## YOUR OBJECTIVE
Can you quote exactly the stretch of lines from the one with "Saque-aniversário do FGTS" through the final line of the material, both ends included?

## MATERIAL FOR THIS TASK
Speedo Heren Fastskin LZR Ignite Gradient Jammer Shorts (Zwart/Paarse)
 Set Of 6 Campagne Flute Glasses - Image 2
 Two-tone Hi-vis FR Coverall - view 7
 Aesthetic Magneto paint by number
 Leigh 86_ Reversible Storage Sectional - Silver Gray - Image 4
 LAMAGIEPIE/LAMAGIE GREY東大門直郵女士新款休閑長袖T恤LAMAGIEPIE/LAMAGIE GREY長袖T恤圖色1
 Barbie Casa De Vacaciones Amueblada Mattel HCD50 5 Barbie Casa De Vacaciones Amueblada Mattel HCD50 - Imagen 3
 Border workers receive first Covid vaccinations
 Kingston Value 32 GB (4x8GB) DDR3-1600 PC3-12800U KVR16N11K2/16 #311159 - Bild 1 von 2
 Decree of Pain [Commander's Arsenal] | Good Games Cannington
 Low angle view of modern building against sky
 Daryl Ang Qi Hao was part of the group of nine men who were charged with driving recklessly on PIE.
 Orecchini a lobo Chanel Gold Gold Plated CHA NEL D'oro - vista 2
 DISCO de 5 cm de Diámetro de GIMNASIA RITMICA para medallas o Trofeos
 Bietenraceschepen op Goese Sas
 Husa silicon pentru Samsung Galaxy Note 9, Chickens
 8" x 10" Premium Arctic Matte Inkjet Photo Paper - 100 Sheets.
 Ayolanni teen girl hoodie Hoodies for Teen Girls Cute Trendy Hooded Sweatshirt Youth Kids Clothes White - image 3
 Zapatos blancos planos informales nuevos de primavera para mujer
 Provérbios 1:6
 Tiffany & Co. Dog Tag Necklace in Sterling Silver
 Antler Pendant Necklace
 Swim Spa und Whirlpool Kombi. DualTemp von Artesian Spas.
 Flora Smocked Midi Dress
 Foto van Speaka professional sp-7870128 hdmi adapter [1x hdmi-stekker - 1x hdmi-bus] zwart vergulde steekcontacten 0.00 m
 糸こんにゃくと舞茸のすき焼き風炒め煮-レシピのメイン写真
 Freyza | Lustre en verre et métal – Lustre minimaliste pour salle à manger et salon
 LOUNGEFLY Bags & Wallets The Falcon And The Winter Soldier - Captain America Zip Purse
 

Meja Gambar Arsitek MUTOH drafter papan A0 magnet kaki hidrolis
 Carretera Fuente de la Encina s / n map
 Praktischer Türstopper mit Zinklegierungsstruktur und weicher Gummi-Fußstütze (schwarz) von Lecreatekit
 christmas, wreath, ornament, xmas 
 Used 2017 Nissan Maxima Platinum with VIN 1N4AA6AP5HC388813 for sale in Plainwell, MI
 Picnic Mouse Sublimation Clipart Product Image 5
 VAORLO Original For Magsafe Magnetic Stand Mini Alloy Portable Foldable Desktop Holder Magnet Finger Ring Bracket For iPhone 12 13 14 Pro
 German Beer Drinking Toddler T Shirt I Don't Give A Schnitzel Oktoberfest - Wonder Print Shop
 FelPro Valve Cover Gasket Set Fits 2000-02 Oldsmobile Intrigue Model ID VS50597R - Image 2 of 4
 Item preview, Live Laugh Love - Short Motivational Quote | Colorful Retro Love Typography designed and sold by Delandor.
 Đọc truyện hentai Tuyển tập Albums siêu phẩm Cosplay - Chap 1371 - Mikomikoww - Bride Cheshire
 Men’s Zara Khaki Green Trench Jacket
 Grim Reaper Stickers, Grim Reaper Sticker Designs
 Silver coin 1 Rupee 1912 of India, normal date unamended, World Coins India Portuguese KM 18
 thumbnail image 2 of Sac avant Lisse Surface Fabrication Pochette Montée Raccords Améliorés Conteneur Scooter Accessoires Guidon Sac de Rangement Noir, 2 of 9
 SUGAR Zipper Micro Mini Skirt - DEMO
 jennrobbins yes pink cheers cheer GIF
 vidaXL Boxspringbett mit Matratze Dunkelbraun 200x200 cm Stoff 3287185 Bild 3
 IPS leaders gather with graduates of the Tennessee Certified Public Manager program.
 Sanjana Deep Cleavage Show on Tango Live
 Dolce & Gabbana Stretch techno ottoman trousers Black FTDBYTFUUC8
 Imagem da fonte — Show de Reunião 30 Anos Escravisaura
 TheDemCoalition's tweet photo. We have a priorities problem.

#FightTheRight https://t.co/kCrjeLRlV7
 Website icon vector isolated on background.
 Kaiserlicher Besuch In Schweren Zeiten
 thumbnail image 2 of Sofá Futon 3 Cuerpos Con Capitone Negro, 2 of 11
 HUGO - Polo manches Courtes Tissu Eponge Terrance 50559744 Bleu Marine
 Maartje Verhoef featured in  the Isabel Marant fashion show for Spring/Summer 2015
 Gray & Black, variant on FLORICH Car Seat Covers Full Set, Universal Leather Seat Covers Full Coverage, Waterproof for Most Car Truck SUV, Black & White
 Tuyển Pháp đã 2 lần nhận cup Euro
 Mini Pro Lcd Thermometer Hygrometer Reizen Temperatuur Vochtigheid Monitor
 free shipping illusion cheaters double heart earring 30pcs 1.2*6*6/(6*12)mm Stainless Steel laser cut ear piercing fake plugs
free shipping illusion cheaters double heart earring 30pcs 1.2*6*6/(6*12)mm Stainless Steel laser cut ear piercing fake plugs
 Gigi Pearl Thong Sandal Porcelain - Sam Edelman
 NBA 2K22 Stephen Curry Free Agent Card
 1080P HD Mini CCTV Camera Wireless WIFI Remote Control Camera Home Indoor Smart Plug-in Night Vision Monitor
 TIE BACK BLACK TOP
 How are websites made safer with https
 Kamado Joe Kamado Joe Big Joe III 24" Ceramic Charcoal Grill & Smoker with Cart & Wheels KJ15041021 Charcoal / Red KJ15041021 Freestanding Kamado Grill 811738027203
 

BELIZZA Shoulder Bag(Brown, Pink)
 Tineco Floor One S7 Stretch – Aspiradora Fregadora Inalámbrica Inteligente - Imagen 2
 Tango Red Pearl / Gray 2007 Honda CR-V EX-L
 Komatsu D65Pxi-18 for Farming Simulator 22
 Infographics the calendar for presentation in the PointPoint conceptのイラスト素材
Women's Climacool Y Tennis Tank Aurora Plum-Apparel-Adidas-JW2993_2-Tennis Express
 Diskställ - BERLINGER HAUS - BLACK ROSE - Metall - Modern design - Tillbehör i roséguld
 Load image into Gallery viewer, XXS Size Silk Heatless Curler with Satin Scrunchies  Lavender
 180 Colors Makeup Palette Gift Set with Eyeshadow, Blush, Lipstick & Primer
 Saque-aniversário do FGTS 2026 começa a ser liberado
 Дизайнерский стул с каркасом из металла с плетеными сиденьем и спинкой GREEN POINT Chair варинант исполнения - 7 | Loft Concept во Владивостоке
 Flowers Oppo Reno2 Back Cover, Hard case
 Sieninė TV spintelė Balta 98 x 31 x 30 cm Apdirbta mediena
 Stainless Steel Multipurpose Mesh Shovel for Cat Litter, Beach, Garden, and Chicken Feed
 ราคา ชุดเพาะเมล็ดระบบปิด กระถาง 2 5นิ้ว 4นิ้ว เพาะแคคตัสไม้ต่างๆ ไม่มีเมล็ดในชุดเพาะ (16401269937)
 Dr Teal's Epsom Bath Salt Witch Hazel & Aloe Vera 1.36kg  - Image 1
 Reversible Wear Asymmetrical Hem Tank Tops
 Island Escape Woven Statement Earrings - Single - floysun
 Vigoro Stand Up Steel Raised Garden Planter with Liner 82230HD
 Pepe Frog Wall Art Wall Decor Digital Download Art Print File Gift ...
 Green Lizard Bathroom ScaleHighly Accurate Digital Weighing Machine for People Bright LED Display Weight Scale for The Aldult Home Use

## SOLUTION
 Saque-aniversário do FGTS 2026 começa a ser liberado
 Дизайнерский стул с каркасом из металла с плетеными сиденьем и спинкой GREEN POINT Chair варинант исполнения - 7 | Loft Concept во Владивостоке
 Flowers Oppo Reno2 Back Cover, Hard case
 Sieninė TV spintelė Balta 98 x 31 x 30 cm Apdirbta mediena
 Stainless Steel Multipurpose Mesh Shovel for Cat Litter, Beach, Garden, and Chicken Feed
 ราคา ชุดเพาะเมล็ดระบบปิด กระถาง 2 5นิ้ว 4นิ้ว เพาะแคคตัสไม้ต่างๆ ไม่มีเมล็ดในชุดเพาะ (16401269937)
 Dr Teal's Epsom Bath Salt Witch Hazel & Aloe Vera 1.36kg  - Image 1
 Reversible Wear Asymmetrical Hem Tank Tops
 Island Escape Woven Statement Earrings - Single - floysun
 Vigoro Stand Up Steel Raised Garden Planter with Liner 82230HD
 Pepe Frog Wall Art Wall Decor Digital Download Art Print File Gift ...
 Green Lizard Bathroom ScaleHighly Accurate Digital Weighing Machine for People Bright LED Display Weight Scale for The Aldult Home Use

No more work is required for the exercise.